Avant-propos
La Troisième vague est une expérience réelle, ayant conduit à une réappropriation culturelle non pas massive, mais importante. Deux films, un roman, une BD et quelques transpositions théâtrales, le tout dans une perspective relativement vulgarisante, ayant permis une relative prise de conscience de certains mécanismes du fascisme.

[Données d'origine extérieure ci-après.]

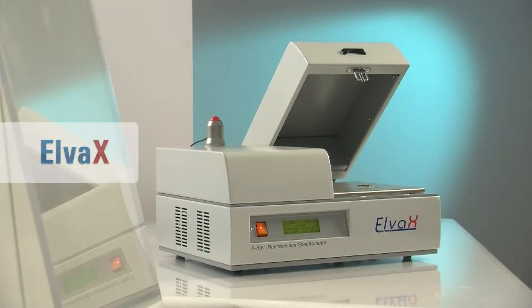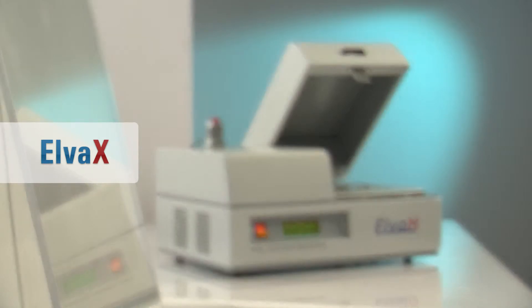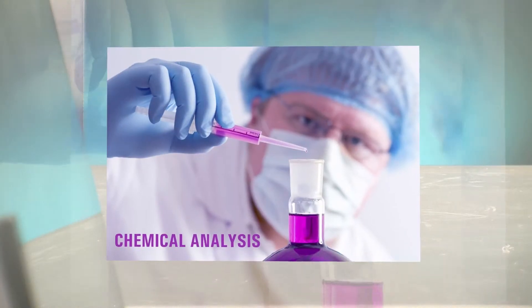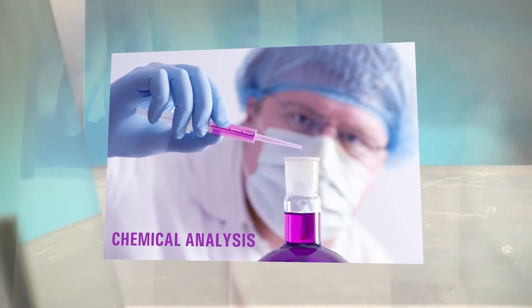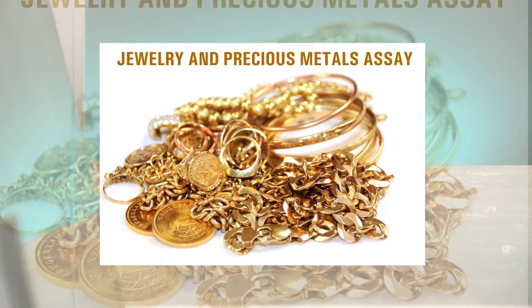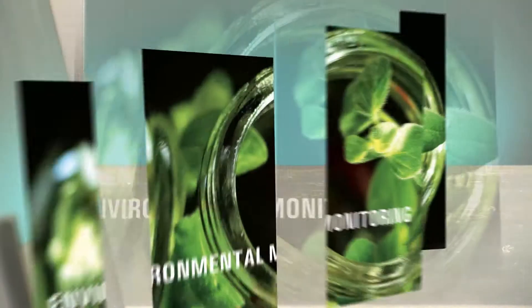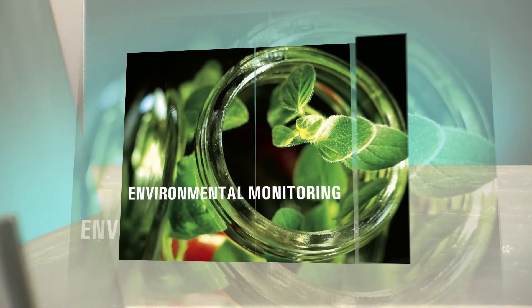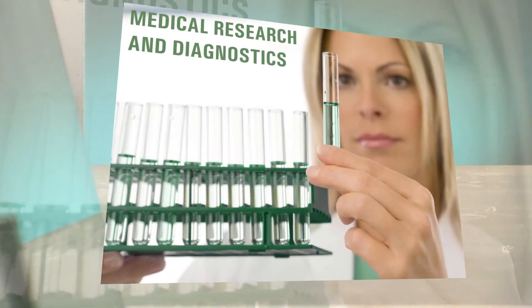Elvatec is a compact benchtop spectrometer designed to operate in a broad range of applications, such as metallurgy and chemical analysis, jewelry and precious metals assay, environmental monitoring, medical research and diagnostics, petrochemical and many more.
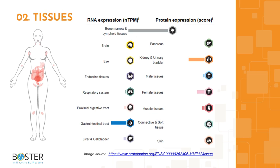You can find more information on proteinatlas.org to check out which cell lines express MMP12 and which ones don't. This information will come in handy when designing positive and negative controls for western blot and immunohistochemistry.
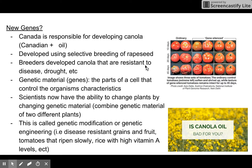Canada is responsible for developing canola — Canadian oil — developed using selective breeding of rapeseeds. Breeders developed canola that is resistant to disease and drought. In this diagram, you can see that genes have been spliced into a tomato, causing those tomatoes to last longer. There are many people who are of the opinion that genetically modified organisms are very bad for you — there are arguments on both sides, and we'll get more into GMOs in a couple of slides.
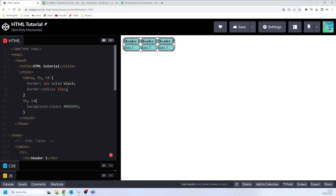We can also remove the 'table' selector from our CSS properties and see what happens — now only the headers and cells are going to get rounded borders, because the CSS border-radius is no longer applied on the table tag itself.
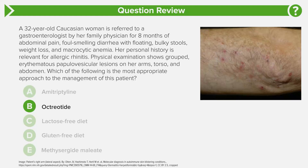Answer choice B is octreotide, which is used in carcinoid syndrome — a paraneoplastic syndrome caused by carcinoid tumors primarily derived from the ileum and appendix. In carcinoid syndrome, the tumor secretes serotonin and calcitonin, causing the patient to complain of flushing, diarrhea, heart failure, and bronchoconstriction. We give octreotide, a somatostatin analog, to reduce endogenous serotonin and calcitonin secretion to control the clinical symptoms.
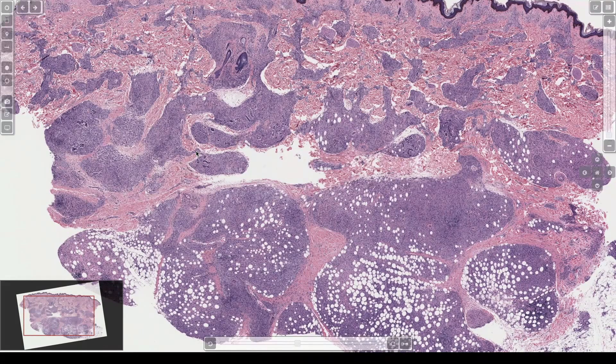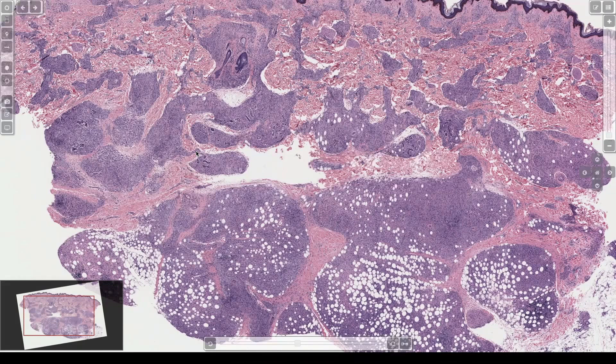On the other end of the spectrum, you have tight sarcoidal granulomas with big epithelioid cells, which also track along nerves, and very few organisms. Sometimes you'll stain and look and be sure it must be leprosy but find no organisms at all.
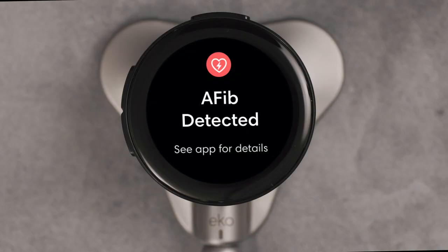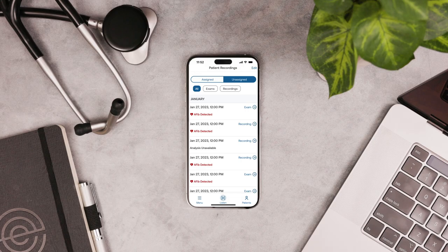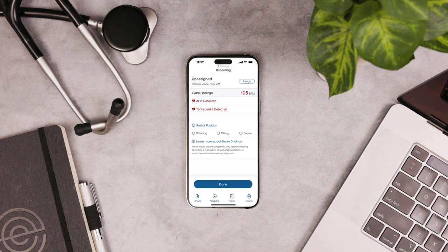If you have AI Analysis turned on, you'll see the results right on the screen. You can review recordings in the ECHO app — they're all saved in the unassigned section of the patient screen. From here, you can assign them to patients.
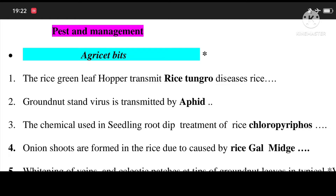Today we are discussing about Best Hand Management Df132 Aggressive Bits. 1. The rice green leaf hopper transmits rice tungro disease in rice. 2. Kronos turned virus is transmitted by aphids. 3. The chemical used in seedling root deep treatment of rice is chlorophyll.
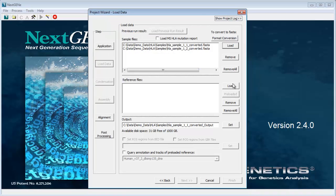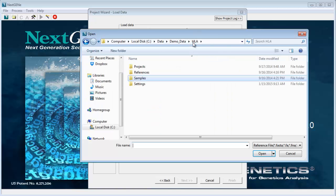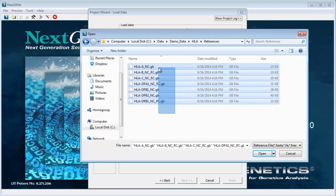Then click Load under Reference Files to load the GenBank reference files for the HLA genes that were sequenced.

Même si une vision romancée d’un fait réel prend souvent certaines libertés avec la matière d’origine (au niveau littéraire, prenez par exemple Le Rouge et le Noir, Madame Bovary ou De sang-froid entre autres), le piège en revient souvent à un défaut de restitution de l’intensité de cette matière. Un fait que l’on constate assez facilement dans les différentes adaptations de la Troisième vague, à différents degrés, pour lesquelles on serait presque tenté de faire un recoupage pour restituer ce qui en fait tout le sel.
Partie 1 : Le livre
Ainsi, Todd Strasser, s’il revendique son livre comme étant basé sur des faits réels, reconnaît le caractère purement fictionnel de sa Vague, ce qui ne le prive pas d’un certain nombre de maladresses à plusieurs niveaux.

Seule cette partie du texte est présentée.